“Creativity takes courage” - Henri Matisse

Around 95% of artists have had some formal education but education won’t teach you how to survive as an artist or designer. While some people teach themselves how to do art, many opt for a qualification or some formal art education in school or university.

Of course, you can become an artist without qualifications but when it comes to finding work, employers like being able to quickly look at somebody's CV or portfolio and know that somebody else has checked whether or not they're the real deal.

In this article, we’ll look at whether you need a degree to become an artist or designer, what art and design qualifications you can get including Bachelor Degrees, Master's Degrees, and vocational art qualifications.

Do You Need a Degree to Become an Artist or Designer?
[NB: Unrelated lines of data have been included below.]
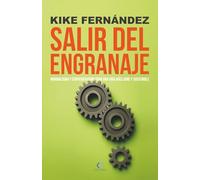 SALIR DEL ENGRANAJE: MINIMALISMO Y COOPERATIVISMO PARA UNA VIDA MÁS LIBRE Y SOSTENIBLE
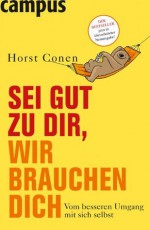 Sei gut zu dir, wir brauchen dich: Vom besseren Umgang mit sich selbst (German Edition) - Horst Conen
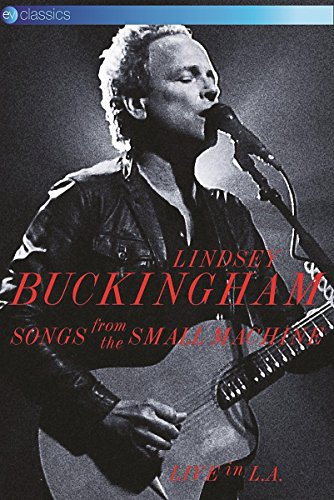 Lindsey Buckingham: Songs From The Small Machine - Live In La [DVD]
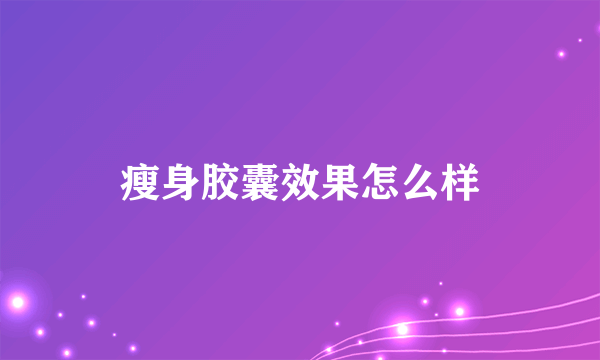 瘦身胶囊效果怎么样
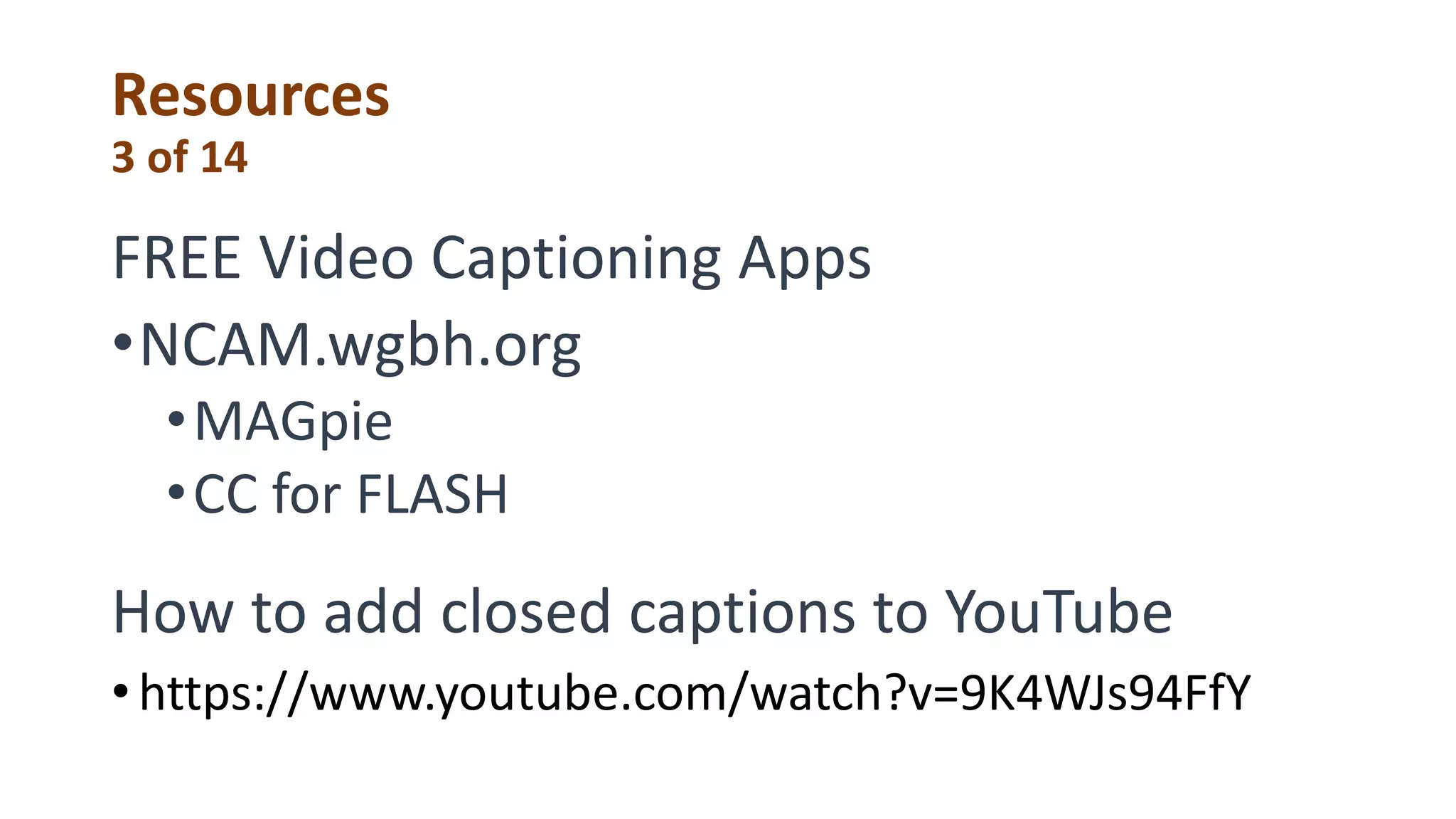 Resources
3 of 14
FREE Video Captioning Apps
•NCAM.wgbh.org
•MAGpie
•CC for FLASH
How to add closed captions to YouTube
•https://www.youtube.com/watch?v=9K4WJs94FfY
More and more people are training to become designers or changing careers. After all, when it comes to the world of art, there are a lot of different careers such as illustrator, designer, comic book artists, animator, artist, etc.

Which are the best art degrees?
There are a lot of places in the UK where you can get an art degree. (Source: jan_photo)

So do you need a qualification for these lines of work?

The answer is no. Many illustrators and designers can start their careers without having done higher education in art.

Art and design is an artistic activity that you can teach yourself from a young age. Thus, a lot of artists gradually teach themselves how to do it without a degree or qualification. They often work freelance and as an independent designer, they don’t need to show your CV or qualifications to potential clients, they need to show off their portfolio.

We’re not saying that qualifications are useless. A good art education can teach you techniques that you’ll use throughout your career and they’ll give you the chance to improve as an artist with the help of your teachers.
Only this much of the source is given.